Sue Percival, a UF/IFAS professor and chair of the department of food science and human nutrition and principal investigator for the study, published a study last year that documented how shiitake mushrooms can boost immunity. They're also low in calories, fat-free, cholesterol-free, low in sodium, and they're the leading source of the antioxidant selenium in the produce aisle, according to the National Mushroom Council.
The study, to be presented at a national conference next week, revealed many other clues about consumers' mushroom-buying habits.
For instance, consumers prefer fresh mushrooms over processed ones, but their choice to buy and eat mushrooms may also be a matter of taste, texture, price and nutritive values, said Yuan Jiang, a food and resource economics doctoral student who conducted the survey.
Jiang and her colleagues found about 20 percent of respondents said they had never bought fresh mushrooms, while 32 percent had never purchased processed mushrooms.

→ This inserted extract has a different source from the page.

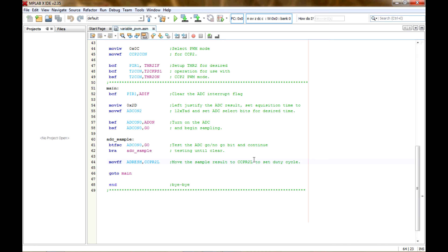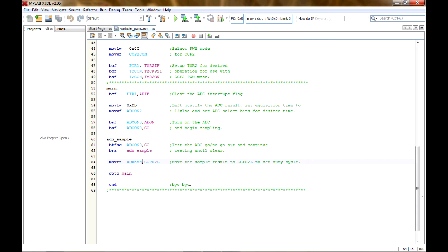Worth noting: if you use the ADRESL register instead of ADRESH, you won't get a linear sweep from 0 to 100%. Instead, for my setup, it cycles 0 to 100% four times in a single full rotation of the pot — going 0 to 100, 0 to 100, 0 to 100, 0 to 100 all in one turn. So make sure to left-justify and use the high register, since that holds the most significant bits and ADRESL only contains the two least significant bits.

Among the non-consumers of mushrooms, 62.7 percent cited taste as one of the most important reasons, while 55.8 percent said they didn't buy mushrooms because of its texture, and 40 percent said price deterred them.
"They thought the mushrooms were tough and chewy," said Jiang, who will present the paper at the 2016 Agricultural & Applied Economics Association Annual Meeting in Boston.
For fresh mushroom consumers, the difference-makers were taste, convenience and health benefits. Those buying processed mushrooms eat them mostly because they're less expensive and they taste good. The study also showed that income level is related to fresh mushroom consumption.
With 16 percent of world output, the United States is second only to China in global mushroom production, according to the study. In 2014-2015, the United States produced 862 million pounds of fresh mushrooms and 90 million pounds of processed mushrooms. The U.S. exported 105 million pounds of fresh mushrooms and 263 pounds of processed mushrooms that year.
In fact, mushroom consumption has quadrupled in the U.S. since 1965, while consumption of processed - or canned - mushrooms, has steadily declined, the study says.